Ekiti Elections 2022: Smooth exercise a referendum on INEC, preparatory election to 2023
Ekiti governorship election has eventually come and gone though leaving behind disproportionate feelings not only with the winner and losers but their teeming supporters as well. However, retrospecting, every Nigerian is a winner going by the hitch-free conduct of the exercise.
Indeed, INEC, Ekiti electorates, and security personnel won given the smooth and prompt deployment of materials as well as the arrival of voters and INEC officials at different polling units. The security architecture that ensured the peaceful conduct of the exercise is commendable. We have witnessed incremental improvements from earlier elections conducted in Nigeria. This is a wake-up call for them to explore and implement more innovations that would better the exercise in the 2023 general elections.
Nigeria’s electoral management umpire, INEC has earned more than a pass mark in her conduct of the governorship election on Saturday in Ekiti courtesy of her wielding sec. 63 of the electoral act which empowers her to deploy measures deemed suitable in the conduct of elections in the country.
The deployment and use of the bi-modal accreditation device (Beever) as against the previous card readers which had minimal capacity, has reasonably impacted the speed and accuracy at which voters were accredited and cleared to vote simultaneously at polling units.
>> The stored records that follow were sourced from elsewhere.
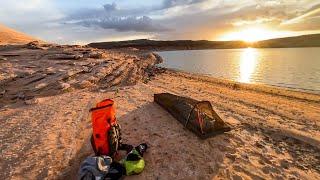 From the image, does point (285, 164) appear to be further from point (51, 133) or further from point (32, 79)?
point (32, 79)

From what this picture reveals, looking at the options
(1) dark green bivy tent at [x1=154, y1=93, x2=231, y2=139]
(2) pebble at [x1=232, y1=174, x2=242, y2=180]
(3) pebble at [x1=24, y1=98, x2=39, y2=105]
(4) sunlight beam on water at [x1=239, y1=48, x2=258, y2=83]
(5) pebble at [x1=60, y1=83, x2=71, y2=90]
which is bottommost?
(4) sunlight beam on water at [x1=239, y1=48, x2=258, y2=83]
This is a contrast from the previous arrangement requiring no incident forms and reducing stress on the part of voters where before now their vitals were first captured before the individual returns after a stipulated period to vote. The technology effectively diminished voter apathy which is reflected in the improved numbers, though moderate, of participants in the exercise.
In addition, transferring the results from the polling units to the central collation center was quick thus diminishing human elements like snatching of ballot boxes to circumvent and compromise the process, aside from other electorial vices. This is why even in the previous Anambra governorship election where Beever was a test run, there were no litigations from candidates regarding the results unlike what plays out in preceding elections.
This innovation deployed by INEC in the conduct of the exercise in Ekiti is confidence-building and confidence restoring to Nigerians as collation of results for instance which used to be a huge challenge often done under the cover of the night in past elections was effectively curtailed.
Democracy in Nigeria is progressing and responding to innovations but LENS (online and tabloid) is worried about what will become of INEC after 2023 in her capacity to conduct even better elections in 2027 and beyond. This reservation is not unconnected to the intimate link between the attitude of the government of the day and the powers they are willing to cede to the electoral management body.
LENS is equally concerned about the dangerous trend of financial and in some cases, material inducements of the electorates by politicians. The Saturday governorship election in Ekiti State was not insulated from this abnormality. An election is a social contract between the politician and the electorates which should be expressed in decorum. This untoward action not only devalues the electorates but as well impacts democracy in a negative way.
LENS is of the opinion that punitive punishments like weighty fines and reasonably abnormal jail terms backed by law should be meted to givers and receivers of inducements as deterrents. In addition, any politician involved in electoral fraud should be barred from contesting elective positions as well as being appointed to serve in public offices. Electoral offenses courts manned by qualified and morally upright persons should be strategically positioned in catchment political cells for on-the-spot adjudication of cases to forestall delay and possible meddling.